The duties of the Supreme Court are to interpret and explain the laws. However, the jury is a core component in the West legal system; it is included in both the common law system and the statutory law system. Trial by Jury in a legal procedure was brought by the Normans in the middle of the twelfth century, and has been ingrained in the Western people. Thomas Jefferson (1743 – 1826) enumerated without Trial by Jury as a reason for American Revolution in the American Declaration of Independence. One power of jury is jury nullification. Jury has been regarded as the last resort and the last check and balance for protecting the rights of citizens, by checking on the judiciary for against a judge’s prejudices and an unjust law.
The law in China is set for protecting its government, not its citizens. There is a charge called “Subversion” for jailing those conscientious people. Its internal political struggling is so brutal that nobody has the due process in a legal protection. It is clear that in China there is no the writ of Habeas Corpus (a Latin phrase means “that you have the body”), which was enacted in Britain as early as in 1215; no jury in the legal procedure, which was brought by Normans in middle of 12th century; and no the rule of due process, which was enforced in a Code of Criminal Instruction by Napoleon of France in 1808. Without the jurors from the local common citizens and the jury nullification, the Chinese government can be easier than a piece of cake to convict any persons it charges, for it has a whole legal system to serve itself, including its courts, prosecutors, and policemen. However, the Chinese government feels itself so arrogant that it can abuse the extra powers out of its legal system; it detains its suspects for “investigation in designated time and designated place” (Shuanggui in Chinese). It is extremely difficult in China to vindicate defendants from the subversion and such accusations in the un-“Fair Trials”, and to restraint the eagerness of the Communist to “prescribe what shall be orthodox in politics, nationalism, religion, or other matters of opinion.”

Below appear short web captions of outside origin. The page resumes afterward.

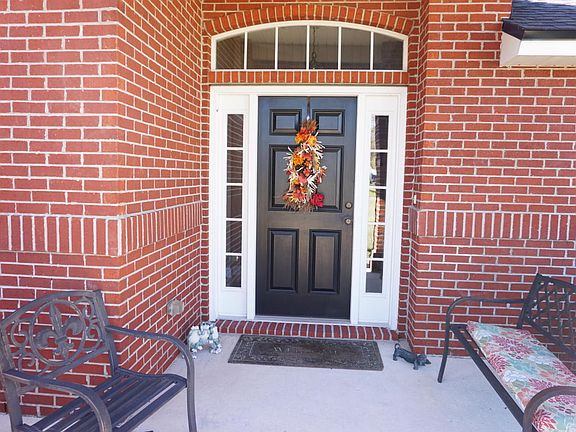 5th image of 682 Wellhouse Dr
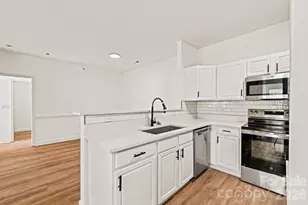 16409 Golden River Ln, Charlotte, NC 28277 - Photo 9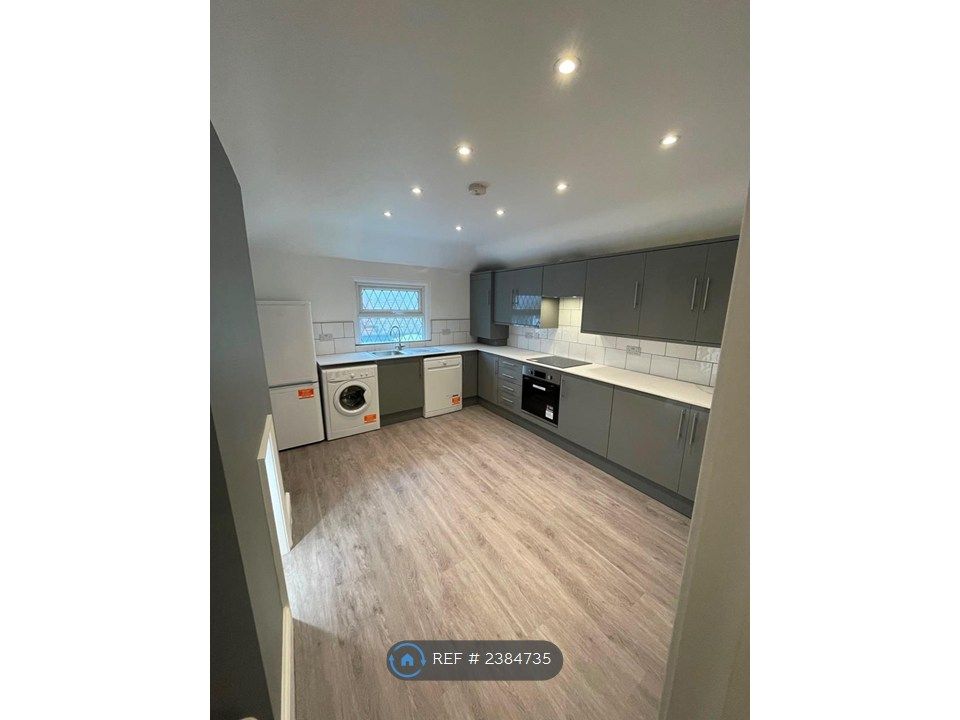 Property photo 1 of 12 Kitchen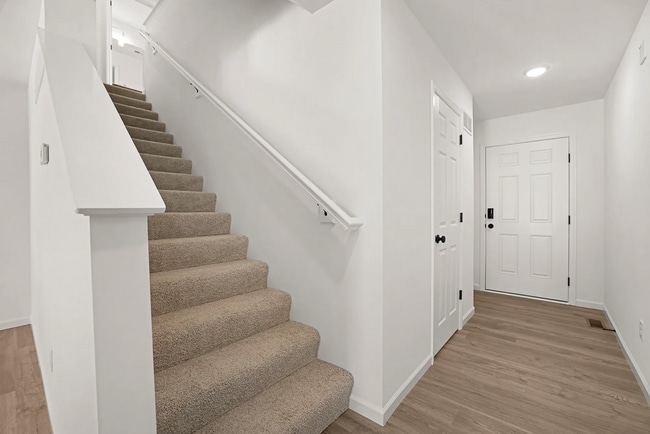 Building Photo - 43 Fairmount Grv Dr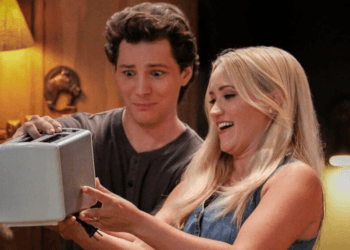 ‘Georgie & Mandy’s First Marriage’ Stars Reveal Why the Sitcom Is ‘So Relatable’ – HOT NEWS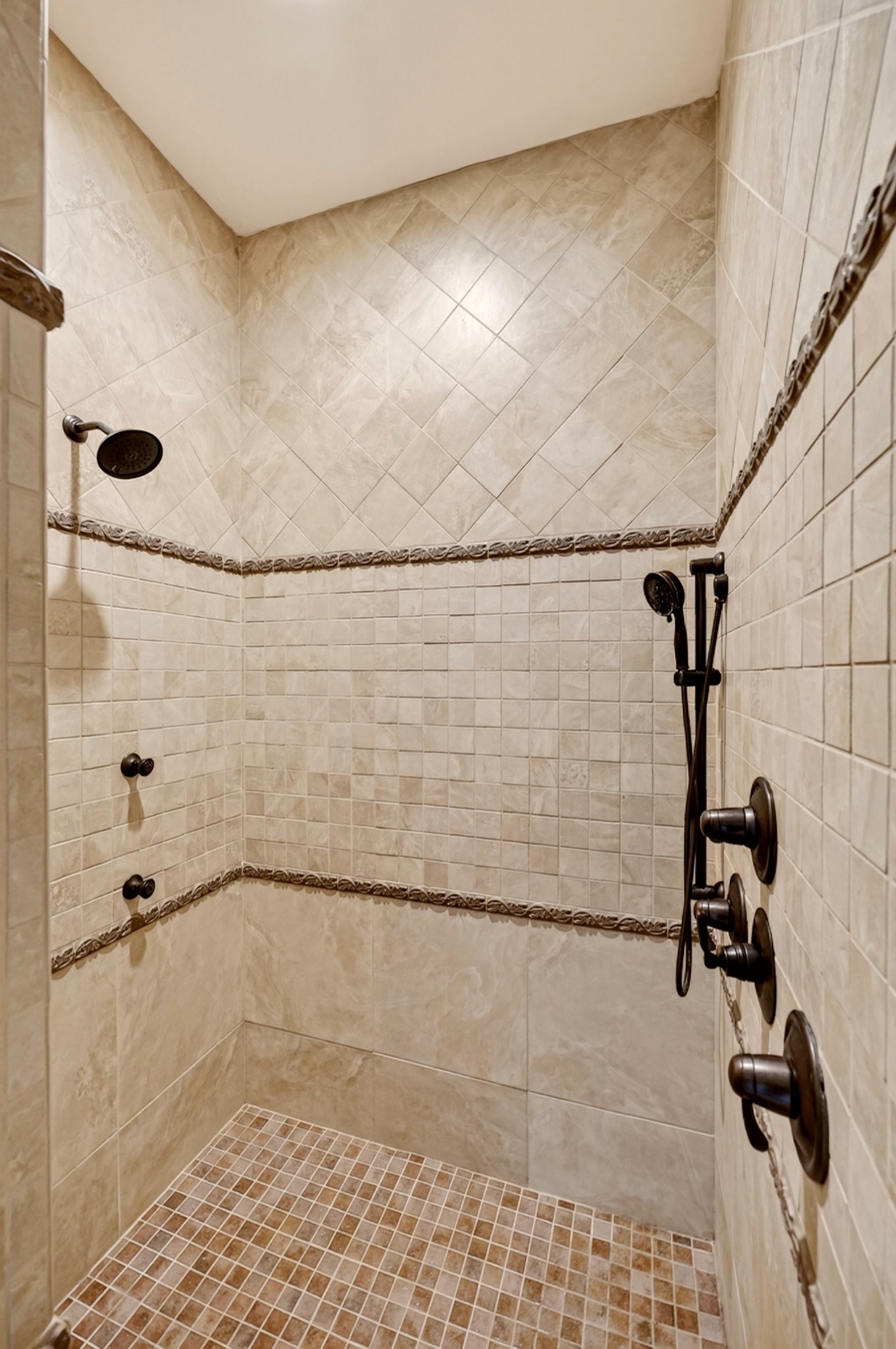 1611 Plantation Cir Property Photo 29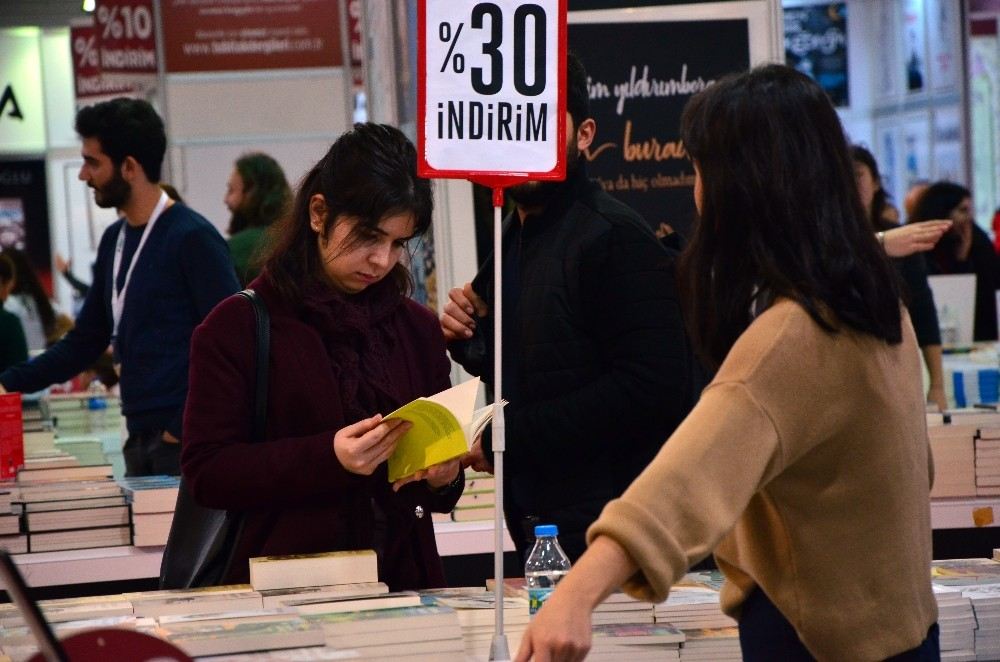 Günde Ortalama 7 Dakika Kitap Okuyoruz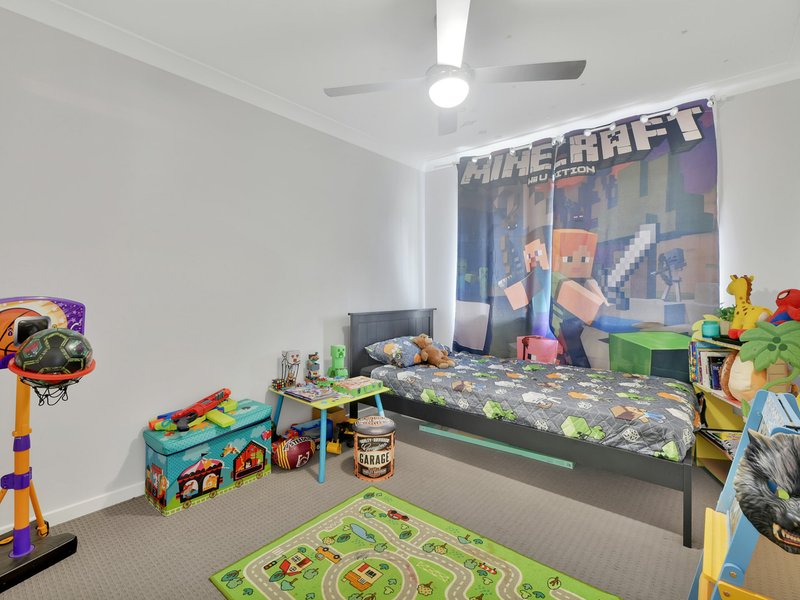 Photo - 9 Canopy View Court, Flagstone QLD 4280 - Image 11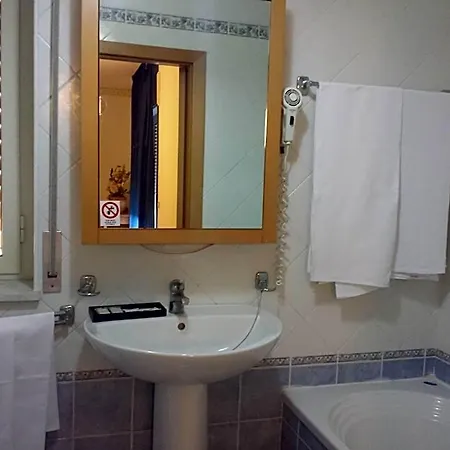 Thaire Hotel 2*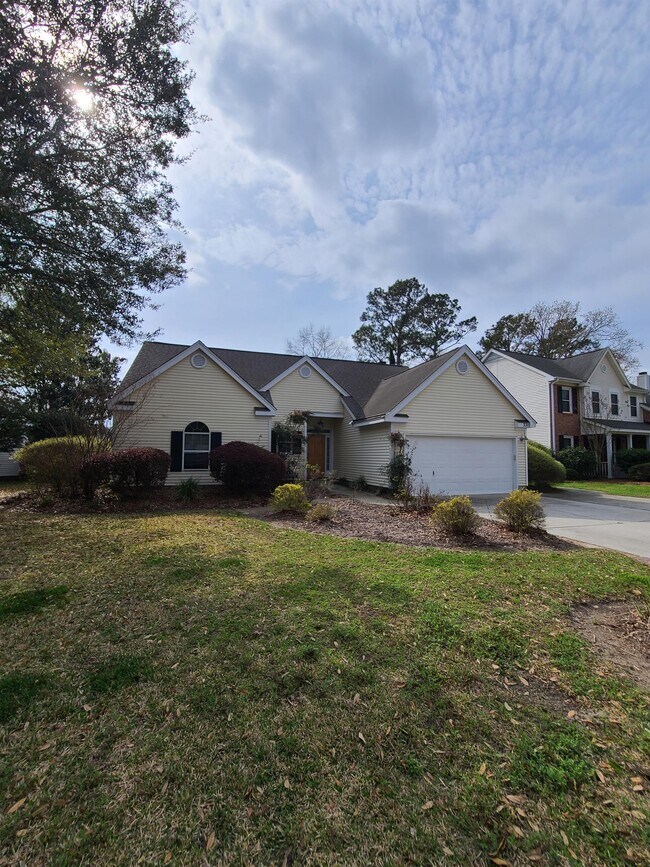 3302 Heathland Way, Mount Pleasant, SC 29466 House for Rent in Mount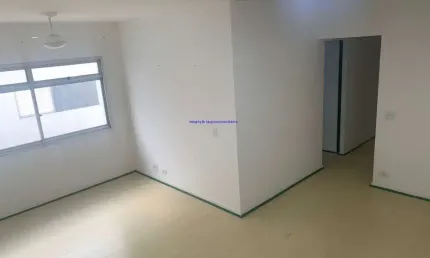 Apartamento 102m², 03 dormitórios (sendo 01 suíte), 03 banheiros e 01 vaga na garagem.  Condomínio com portaria, segurança 24hrs, salão de festa,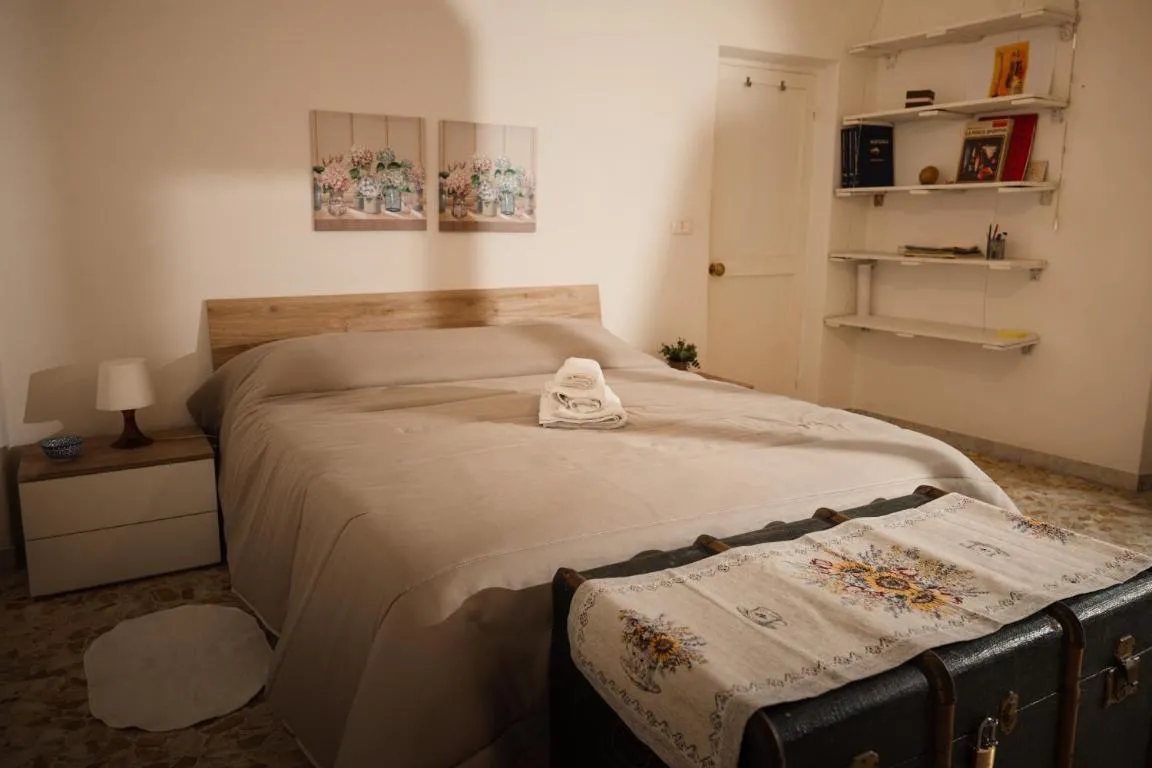 Image of TWO-ROOM Apt. under the Aqueduct’s ARCH in Pigneto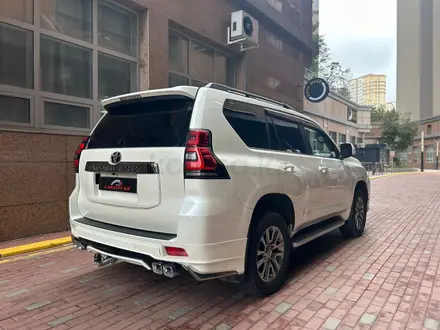 Toyota Land Cruiser Prado 2018 года за 18 950 000 тг. в Астана – фото 5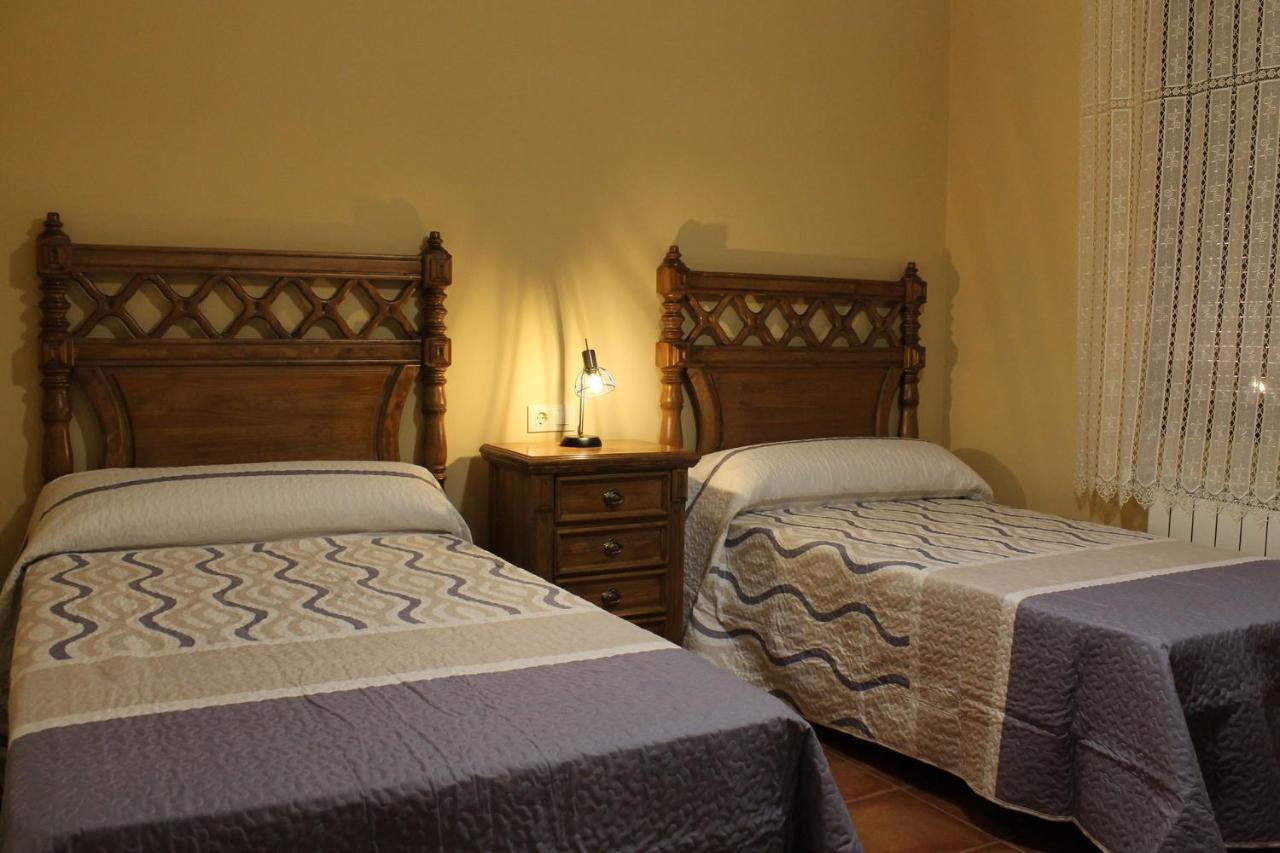Casa Rural Senorio De Quevedo วิลยานูเอวา เด ลอส อินฟานเตส ภายนอก รูปภาพ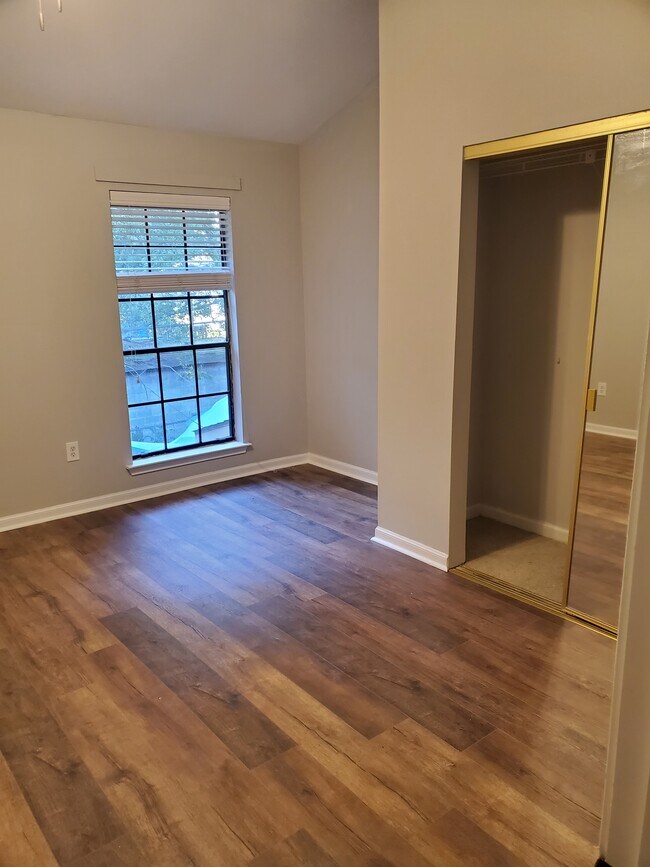 Building Photo - 422 Longwood Ct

Why has China not had Trial by Jury after nearly one thousand years since it appeared in the West? Is it possible because the Chinese government is so paranoid that it is afraid the jury will nullify its legitimacy in order to “rouze themselves [people], and endeavour to put the rule into such hands which may secure to them the ends for which government was at first erected” (John Locke, 1632 -1704)? Is it possible because the Chinese elites are so conceit that “They rejoice in their ignorance, as if what they did not know were not worth knowing” (Francesco Petrarch, 1304 – 1374)? Is it possible because the Chinese people are in the Allegory of the Cave so long time that they, “Through laziness and cowardice a large part of mankind, even after nature has freed them from alien guidance, gladly remain immature” (Immanuel Kant, 1724 -1804)?